• What is needed
Below are records; from the line containing "with Charging Outlets" through the very last line, output each line exactly. No pictures.

• Data for analysis
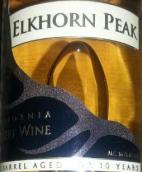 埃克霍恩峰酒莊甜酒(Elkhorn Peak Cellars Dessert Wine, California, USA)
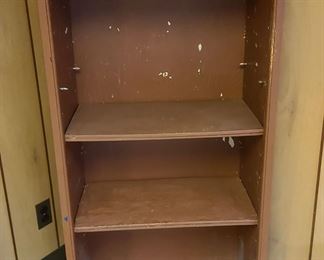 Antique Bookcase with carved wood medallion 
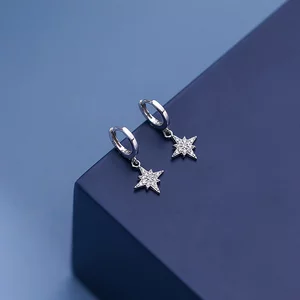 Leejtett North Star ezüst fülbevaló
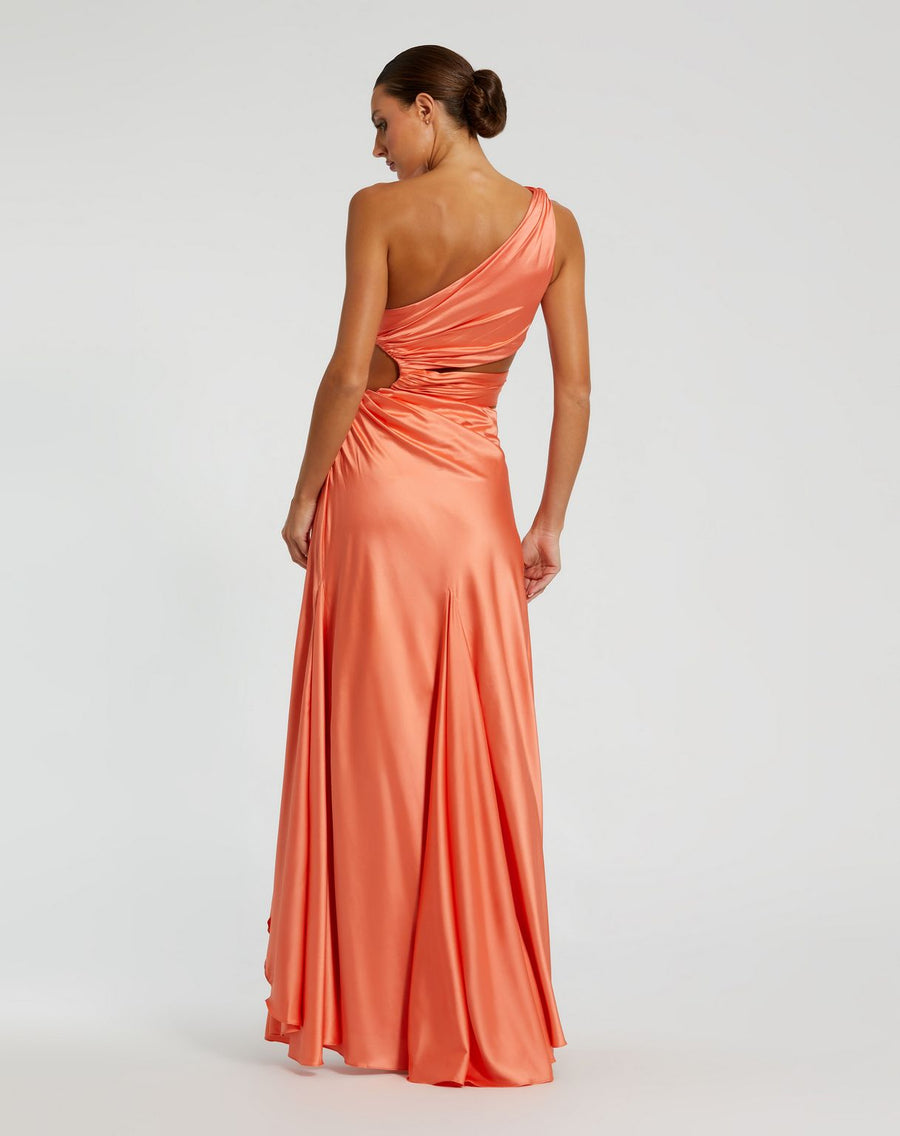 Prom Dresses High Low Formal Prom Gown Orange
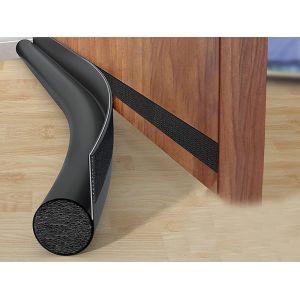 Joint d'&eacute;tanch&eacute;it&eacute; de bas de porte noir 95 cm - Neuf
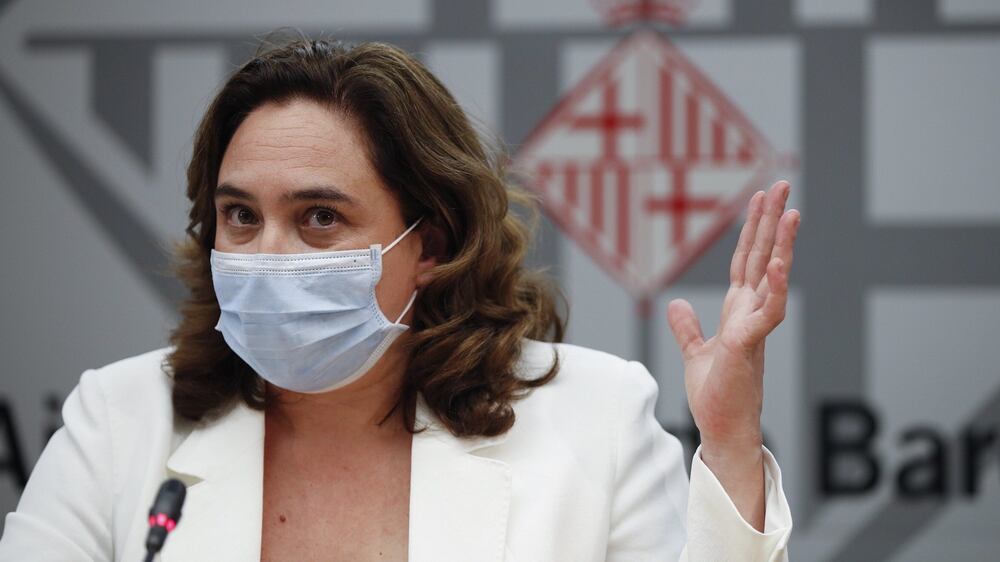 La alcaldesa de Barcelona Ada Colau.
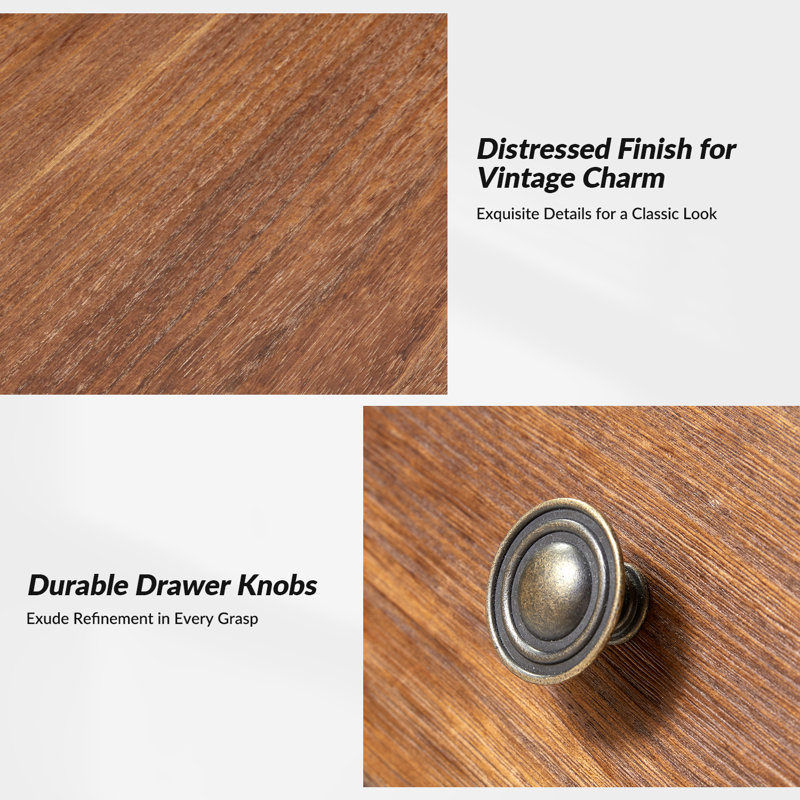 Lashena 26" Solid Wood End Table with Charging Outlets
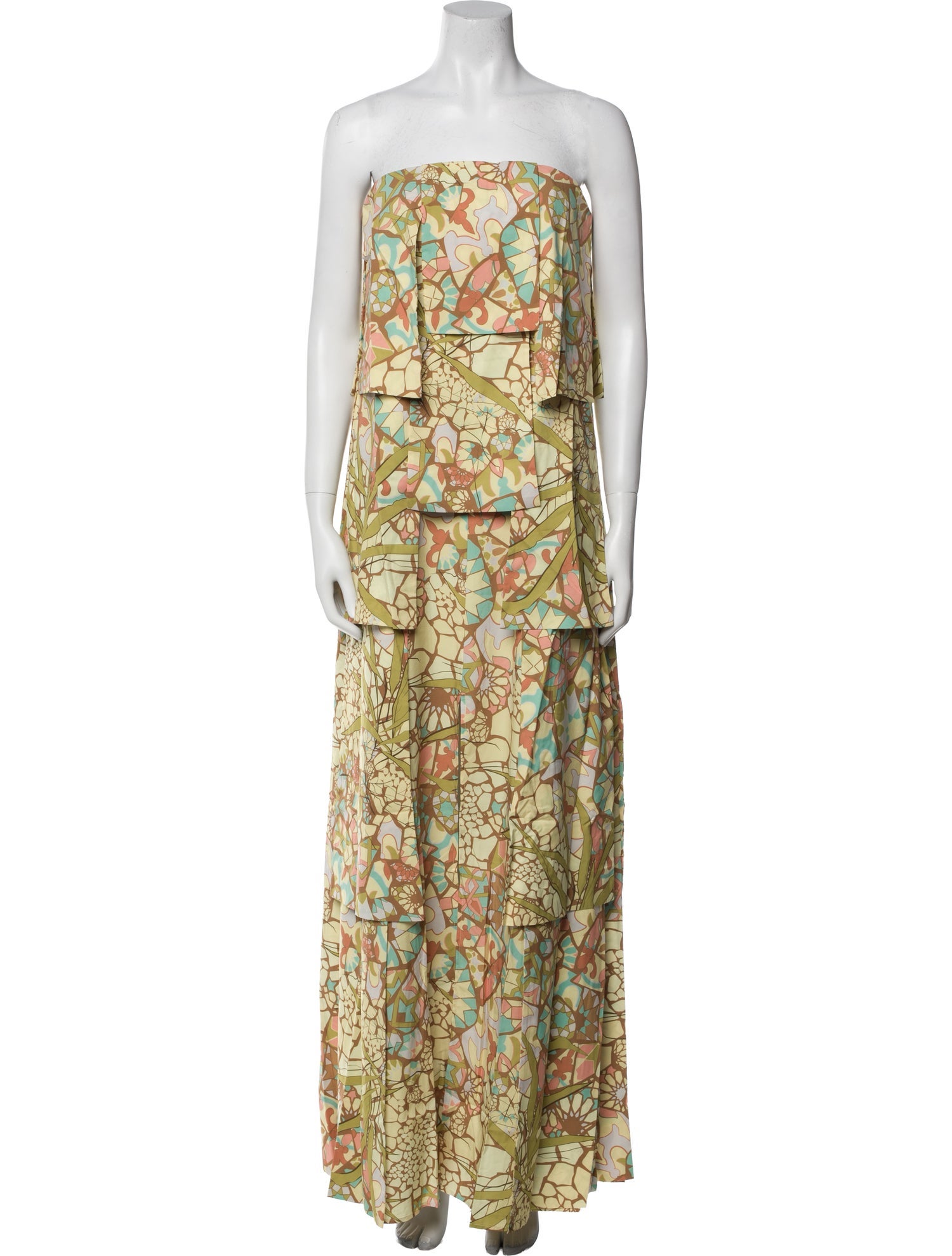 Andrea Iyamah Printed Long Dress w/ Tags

• Written answer
 Lashena 26" Solid Wood End Table with Charging Outlets
 Andrea Iyamah Printed Long Dress w/ Tags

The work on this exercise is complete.